[Records from a collection]
◆ ◆ ◆ ◆ ◆

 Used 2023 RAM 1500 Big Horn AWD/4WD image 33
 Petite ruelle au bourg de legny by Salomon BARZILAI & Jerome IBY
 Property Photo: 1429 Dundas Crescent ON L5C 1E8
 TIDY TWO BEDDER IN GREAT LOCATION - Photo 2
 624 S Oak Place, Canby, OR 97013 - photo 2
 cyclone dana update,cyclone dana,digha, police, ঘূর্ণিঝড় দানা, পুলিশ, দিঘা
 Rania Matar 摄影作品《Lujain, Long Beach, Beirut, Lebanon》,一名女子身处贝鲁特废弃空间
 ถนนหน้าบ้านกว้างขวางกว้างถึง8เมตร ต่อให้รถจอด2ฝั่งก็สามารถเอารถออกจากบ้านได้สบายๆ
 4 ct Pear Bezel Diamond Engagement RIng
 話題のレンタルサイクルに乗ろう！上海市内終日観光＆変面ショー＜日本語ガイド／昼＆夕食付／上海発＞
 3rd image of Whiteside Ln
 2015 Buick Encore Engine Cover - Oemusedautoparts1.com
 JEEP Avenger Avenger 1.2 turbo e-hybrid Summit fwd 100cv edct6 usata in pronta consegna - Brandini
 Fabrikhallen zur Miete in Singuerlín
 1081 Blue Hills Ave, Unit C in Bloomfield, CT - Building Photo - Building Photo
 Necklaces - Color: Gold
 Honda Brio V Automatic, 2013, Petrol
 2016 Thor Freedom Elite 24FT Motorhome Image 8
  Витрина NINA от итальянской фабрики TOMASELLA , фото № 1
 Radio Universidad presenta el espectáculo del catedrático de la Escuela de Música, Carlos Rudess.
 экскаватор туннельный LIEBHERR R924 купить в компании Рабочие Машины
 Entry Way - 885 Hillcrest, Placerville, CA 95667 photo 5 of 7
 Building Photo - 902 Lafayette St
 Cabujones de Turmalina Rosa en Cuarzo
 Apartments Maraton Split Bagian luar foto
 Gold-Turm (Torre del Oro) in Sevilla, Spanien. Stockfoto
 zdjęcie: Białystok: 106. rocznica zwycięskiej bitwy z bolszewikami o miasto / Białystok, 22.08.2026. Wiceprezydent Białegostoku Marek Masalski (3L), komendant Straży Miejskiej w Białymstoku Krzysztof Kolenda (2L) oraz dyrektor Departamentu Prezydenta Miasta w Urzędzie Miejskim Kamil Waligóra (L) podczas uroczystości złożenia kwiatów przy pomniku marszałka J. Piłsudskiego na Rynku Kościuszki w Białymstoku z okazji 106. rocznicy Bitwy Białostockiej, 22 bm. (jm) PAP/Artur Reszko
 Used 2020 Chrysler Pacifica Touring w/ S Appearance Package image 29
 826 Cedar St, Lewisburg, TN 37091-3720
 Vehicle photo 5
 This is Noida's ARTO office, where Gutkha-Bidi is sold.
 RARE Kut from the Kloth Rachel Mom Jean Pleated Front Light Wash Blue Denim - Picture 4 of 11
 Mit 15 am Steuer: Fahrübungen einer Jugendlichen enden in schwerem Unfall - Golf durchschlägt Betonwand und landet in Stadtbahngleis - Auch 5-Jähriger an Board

◆ ◆ ◆ ◆ ◆

Reproduce all of the data exactly as given.

 Used 2023 RAM 1500 Big Horn AWD/4WD image 33
 Petite ruelle au bourg de legny by Salomon BARZILAI & Jerome IBY
 Property Photo: 1429 Dundas Crescent ON L5C 1E8
 TIDY TWO BEDDER IN GREAT LOCATION - Photo 2
 624 S Oak Place, Canby, OR 97013 - photo 2
 cyclone dana update,cyclone dana,digha, police, ঘূর্ণিঝড় দানা, পুলিশ, দিঘা
 Rania Matar 摄影作品《Lujain, Long Beach, Beirut, Lebanon》,一名女子身处贝鲁特废弃空间
 ถนนหน้าบ้านกว้างขวางกว้างถึง8เมตร ต่อให้รถจอด2ฝั่งก็สามารถเอารถออกจากบ้านได้สบายๆ
 4 ct Pear Bezel Diamond Engagement RIng
 話題のレンタルサイクルに乗ろう！上海市内終日観光＆変面ショー＜日本語ガイド／昼＆夕食付／上海発＞
 3rd image of Whiteside Ln
 2015 Buick Encore Engine Cover - Oemusedautoparts1.com
 JEEP Avenger Avenger 1.2 turbo e-hybrid Summit fwd 100cv edct6 usata in pronta consegna - Brandini
 Fabrikhallen zur Miete in Singuerlín
 1081 Blue Hills Ave, Unit C in Bloomfield, CT - Building Photo - Building Photo
 Necklaces - Color: Gold
 Honda Brio V Automatic, 2013, Petrol
 2016 Thor Freedom Elite 24FT Motorhome Image 8
  Витрина NINA от итальянской фабрики TOMASELLA , фото № 1
 Radio Universidad presenta el espectáculo del catedrático de la Escuela de Música, Carlos Rudess.
 экскаватор туннельный LIEBHERR R924 купить в компании Рабочие Машины
 Entry Way - 885 Hillcrest, Placerville, CA 95667 photo 5 of 7
 Building Photo - 902 Lafayette St
 Cabujones de Turmalina Rosa en Cuarzo
 Apartments Maraton Split Bagian luar foto
 Gold-Turm (Torre del Oro) in Sevilla, Spanien. Stockfoto
 zdjęcie: Białystok: 106. rocznica zwycięskiej bitwy z bolszewikami o miasto / Białystok, 22.08.2026. Wiceprezydent Białegostoku Marek Masalski (3L), komendant Straży Miejskiej w Białymstoku Krzysztof Kolenda (2L) oraz dyrektor Departamentu Prezydenta Miasta w Urzędzie Miejskim Kamil Waligóra (L) podczas uroczystości złożenia kwiatów przy pomniku marszałka J. Piłsudskiego na Rynku Kościuszki w Białymstoku z okazji 106. rocznicy Bitwy Białostockiej, 22 bm. (jm) PAP/Artur Reszko
 Used 2020 Chrysler Pacifica Touring w/ S Appearance Package image 29
 826 Cedar St, Lewisburg, TN 37091-3720
 Vehicle photo 5
 This is Noida's ARTO office, where Gutkha-Bidi is sold.
 RARE Kut from the Kloth Rachel Mom Jean Pleated Front Light Wash Blue Denim - Picture 4 of 11
 Mit 15 am Steuer: Fahrübungen einer Jugendlichen enden in schwerem Unfall - Golf durchschlägt Betonwand und landet in Stadtbahngleis - Auch 5-Jähriger an Board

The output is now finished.